IFF Crit. for the Ran. of a BLO to be Closed when X, Y are Ban. Spaces
IFF Criterion for the Range of a BLO to be Closed when X and Y are Banach Spaces
Recall from the Criterion for the Range of a BLO to be Closed when X is a Banach Space page that if $X$ is a Banach Space, $Y$ is a normed linear space, and $T : X \to Y$ is a bounded linear operator, then if there exists a positive constant $M \in \mathbb{R}$, $M > 0$ such that for every $y \in T(X)$ there exists an $x \in X$ such that:
- $T(x) = y$.
- $\| x \| \leq M \| y \|$
Then $T(X)$ is closed.
Observe that $Y$ is NOT assumed to be a Banach space in the above theorem.
If $X$ and $Y$ are both Banach spaces, then more can be said.
| Theorem 1: Let $X$ and $Y$ both be Banach spaces and let $T : X \to Y$ be a bounded linear operator. Then the range $T(X)$ is closed if and only if there exists a positive constant $M \in \mathbb{R}$, $M > 0$ such that for every $y \in T(X)$ there exists an $x \in X$ such that $T(x) = y$ and $\| x \| \leq M \| y \|$. |
Observe that both $X$ and $Y$ ARE assumed to be Banach spaces.

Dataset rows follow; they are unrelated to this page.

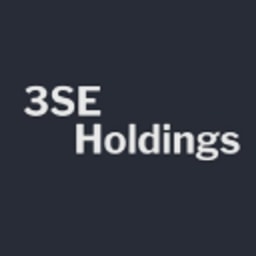 3SE Holdings logo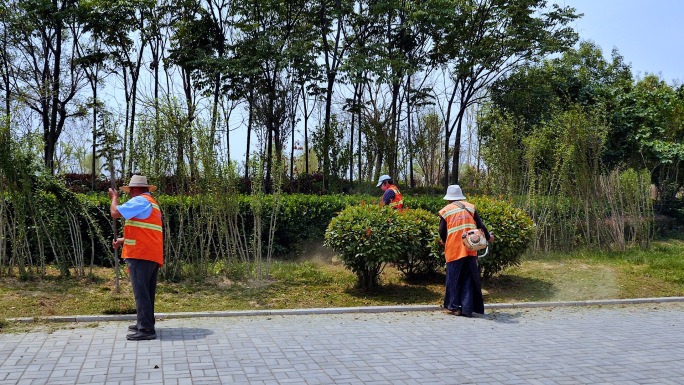 绿化养护环卫工人草坪除草园丁树木浇水洒水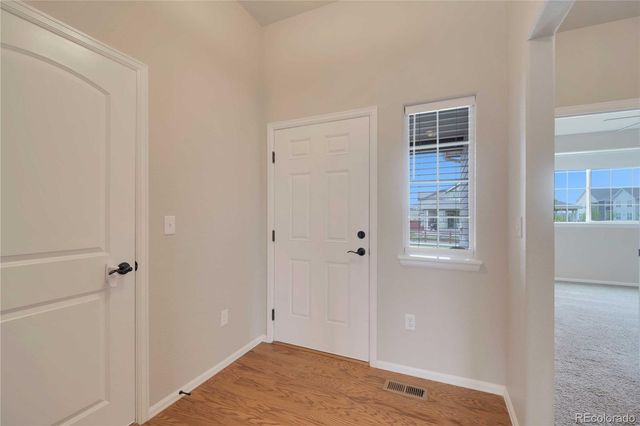 1867 Abundance Drive, Windsor, CO 80550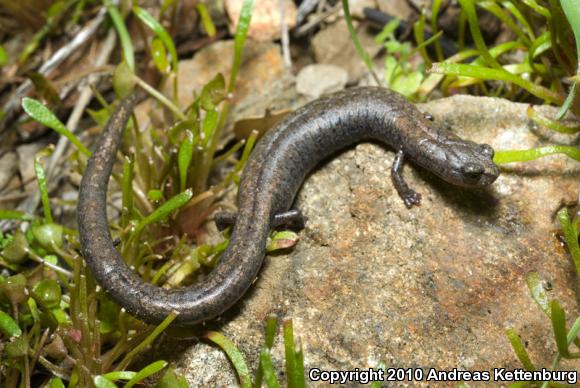 Kern Canyon Slender Salamander (Batrachoseps simatus)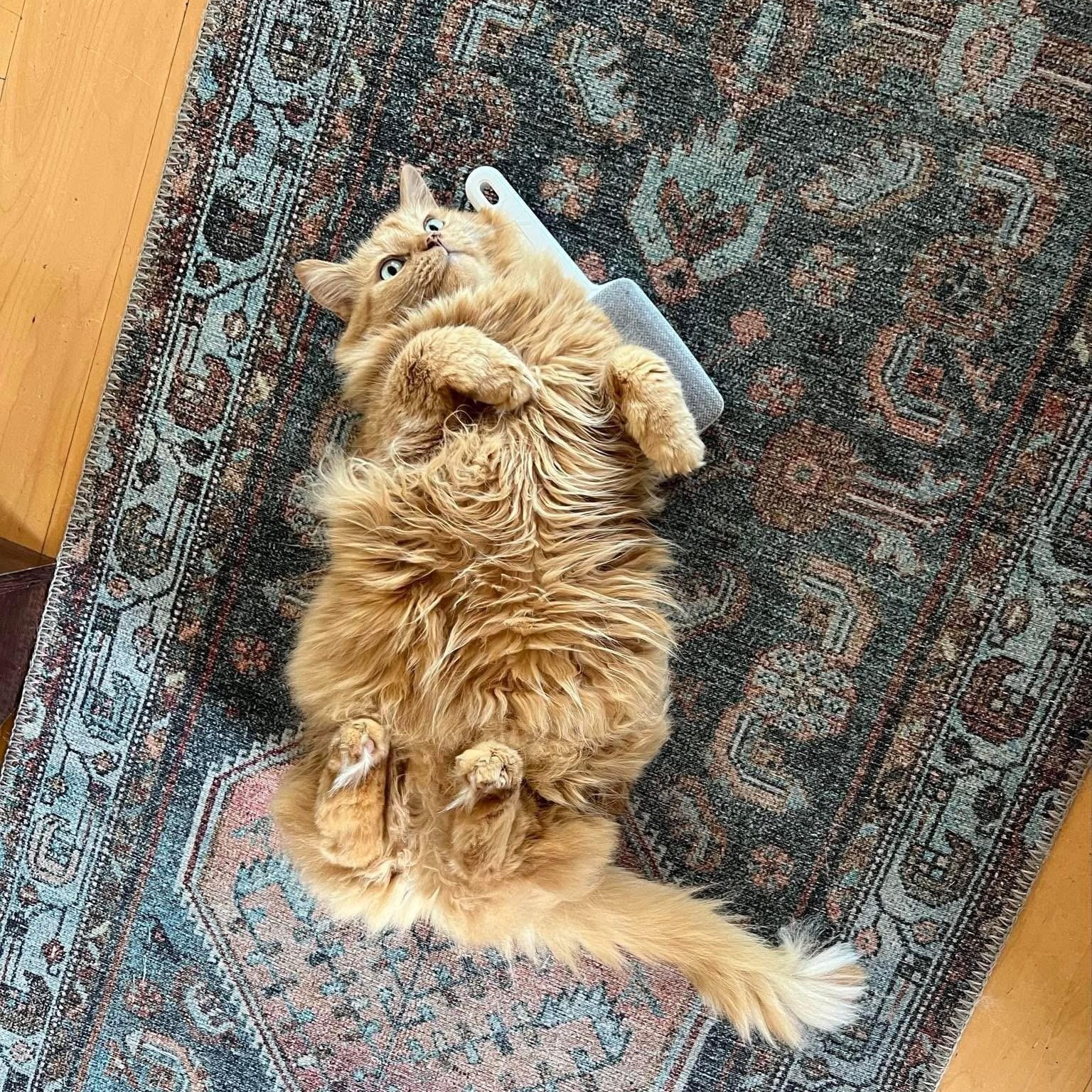 Enlarge Noor (Ms. Radiance), a Adoptable Domestic Long Hair in Sugar Land, TX image 3/4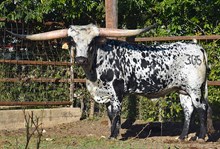 RJF LONE STAR REBEL Tag 305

- Proof: $\Rightarrow$ Suppose that $T(X)$ is closed. Then by the theorem on the Closed Ranges of BLOs when Y is a Banach Space page there exists a positive constant $M^* \in \mathbb{R}$, $M^* > 0$ such that for every $\epsilon > 0$ and for every $x \in X$ there is a $y \in T(X)$ such that:
\begin{align} \quad \| T(x) - y \| < \epsilon \quad , \quad \| x \| \leq M^* \| y \| \end{align}
- Now let $u_1 \in X$ be such that:
\begin{align} \quad \| y - T(u_1) \| < \frac{\| y \|}{2} \quad , \quad \| u_1 \| \leq M^* \| y \| \end{align}
- Let $u_2 \in X$ be such that:
\begin{align} \quad \| (y - T(u_1)) - T(u_2) \| < \frac{\| y \|}{2^2} \quad , \quad \| u_2 \| \leq \frac{M^* \| y \|}{2} \end{align}
- We continue on in this manner. Let $u_n \in X$ be such that:
\begin{align} \quad \| [y - T(u_1) - T(u_2) - ... - T(u_{n-1})] - T(u_n) \| < \frac{\| y \|}{2^n} \quad , \quad \| u_n \| \leq \frac{M^* \| y \|}{2^{n-1}} \end{align}
- For each $n \in \mathbb{N}$ let:
\begin{align} \quad x_n = \sum_{k=1}^{n} u_k \end{align}
- Then we have that:
\begin{align} \quad \| y - T(x_n) \| < \frac{\| y \|}{2^n} \quad (*) \end{align}
(7)
\begin{align} \quad \| x_n \| = \biggr \| \sum_{k=1}^{n} u_k \biggr \| \leq \sum_{k=1}^{n} \| u_k \| \leq \sum_{k=1}^{n} \frac{M^* \| y \|}{2^{k-1}} \leq 2M^* \| y \| \quad (**) \end{align}
- From $(*)$ we have that $y = \lim_{n \to \infty} T(x_n)$.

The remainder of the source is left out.